- [What is expected] The material below holds pictures; leave them out, and copy exactly, and only, the lines from the one with "ModCloth x Marisol" through the last.
(Data provided Opens)
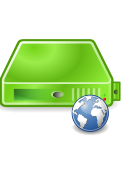 Symbolbild für einen grünen Server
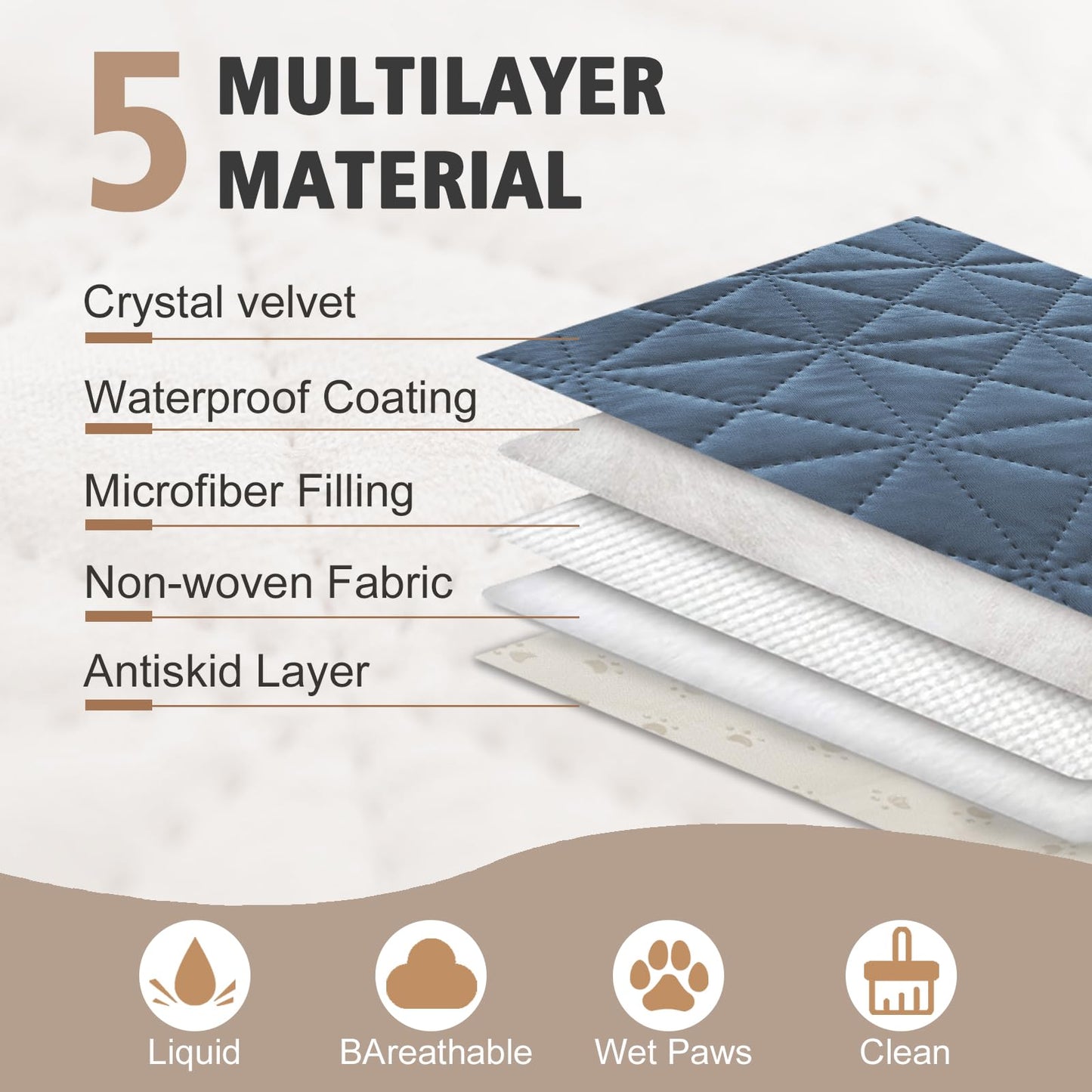 Ameritex Sofa Cover Waterproof for Seats Couch Cover for Dogs Pet Couch Cover Velvet for Chair Loveseat Sofa Machine Washable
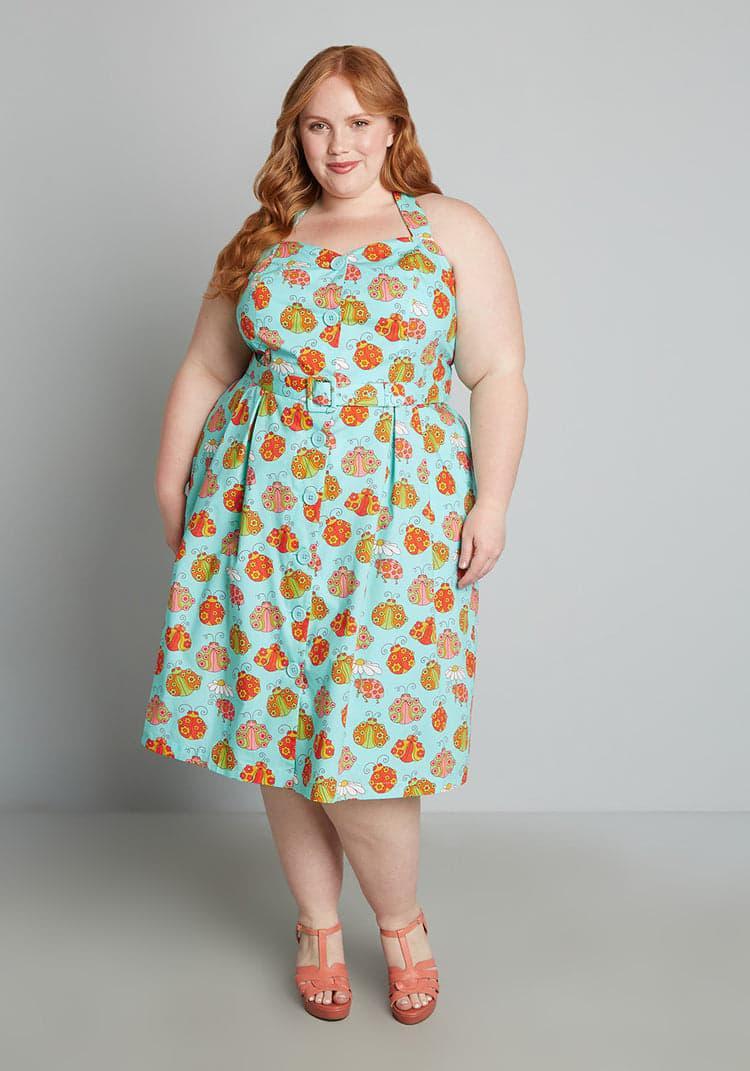 ModCloth x Marisol Muro Aligned With Destiny Fit And Flare Dress Product Image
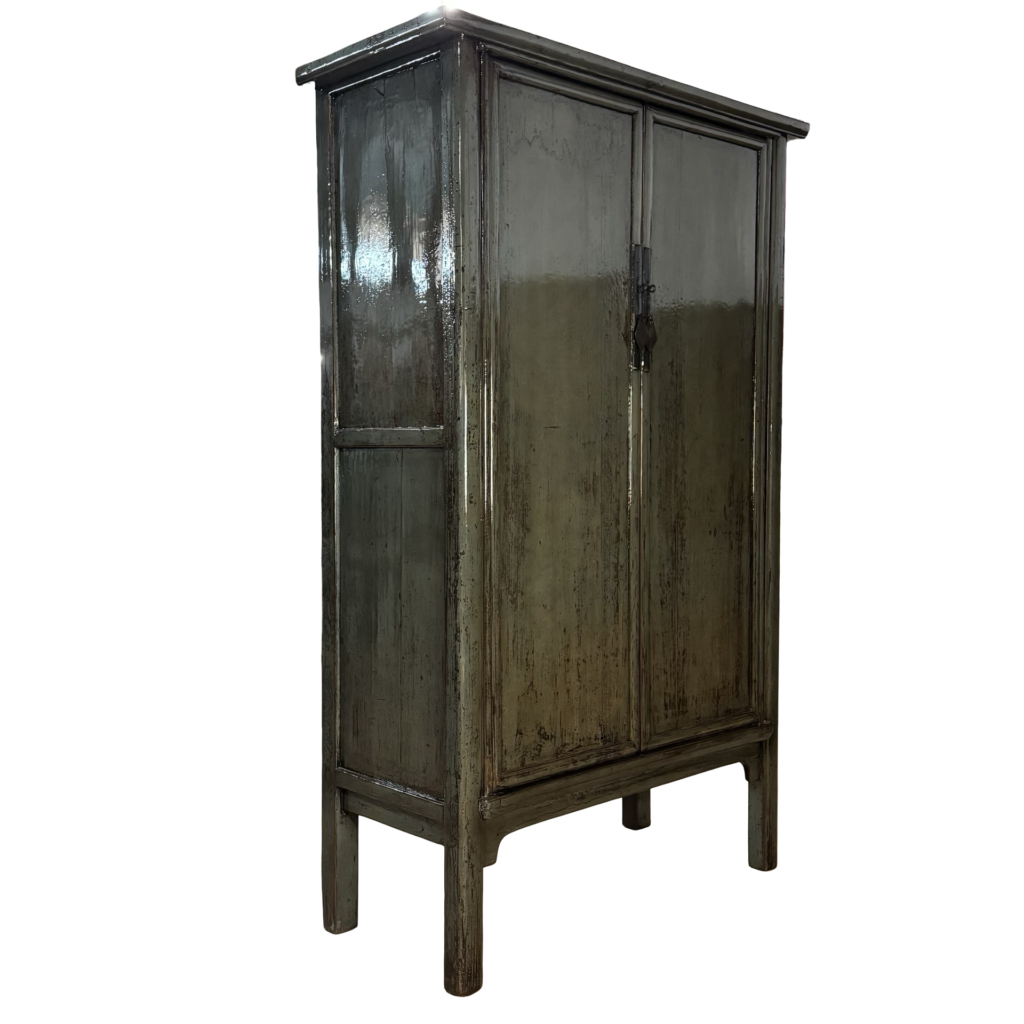 Kast 2dr donkergroen 125x53x200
(Data provided Closes)
- [Exercise result]
 ModCloth x Marisol Muro Aligned With Destiny Fit And Flare Dress Product Image
 Kast 2dr donkergroen 125x53x200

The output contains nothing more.